A Just and Healthy Society Needs Responsible and Virtuous Citizens
None of this is to suggest that virtue is sufficient to rectify injustice, or that individuals of good character are all we need to live in a just society. But a just society cannot exist without responsible and virtuous individuals. For, as G. A. Cohen observed, it is not difficult to imagine a society in which the laws reflect absolute justice—perfect equality enshrined in each and every law, and embodied in the institutions as well—whilst individuals hold attitudes that lead to unjust outcomes. At the end of the day, we decide whether or not we are going to cling to our prejudices or let them go, and we decide whether or not to let our fear lead us to discriminate rather than grow in self-knowledge and compassion. This is what the left can learn from the right.
Why We Should Listen To Each Other
I fear the potentially grave consequences of irredeemable political polarization. Although liberal democracies can survive—indeed, arguably thrive on—ideological heterodoxy, this is only true if the dissenting parties are willing to recognize their shared humanity. Once one group becomes wholly evil in the other’s eyes, democratic institutions lose legitimacy, as all compromises are perceived as criminal. In turn, peaceful co-existence becomes impossible. It is crucial that the left and right seek to understand each other’s respective views of the world, if only so they do not assume the worst of each other. Undoubtedly, malicious intentions motivate some on both sides of the political aisle, but to assume a priori that your ideological adversaries are motivated by selfishness, resentment or prejudice is to close oneself off to anything of value they might have to say.
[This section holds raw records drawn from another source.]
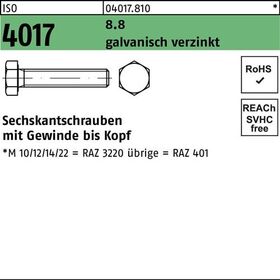 Sechskantschraube ISO 4017 VG M36x 75 8.8 galv.verz. 1 Stück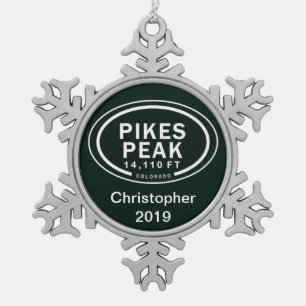 Personalised Pikes Peak Colorado Springs Mountain Snowflake Pewter Christmas Ornament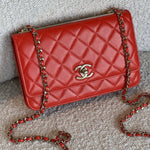 CHANEL Handbag Red Lambskin Quilted Trendy CC Wallet on Chain (WOC) -Knockoff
The kinds of political polarization we are seeing today have been detrimental to us all. Too often we assume our opponents have nothing to teach us, and we have thereby remained deaf to their wisdom. I don’t believe we all need to agree. Political polarization can be useful, provided it encourages us to critically reflect upon our own assumptions, and produce persuasive and powerful counterarguments. It is therefore time we began listening to one another, if only to strengthen our own arguments.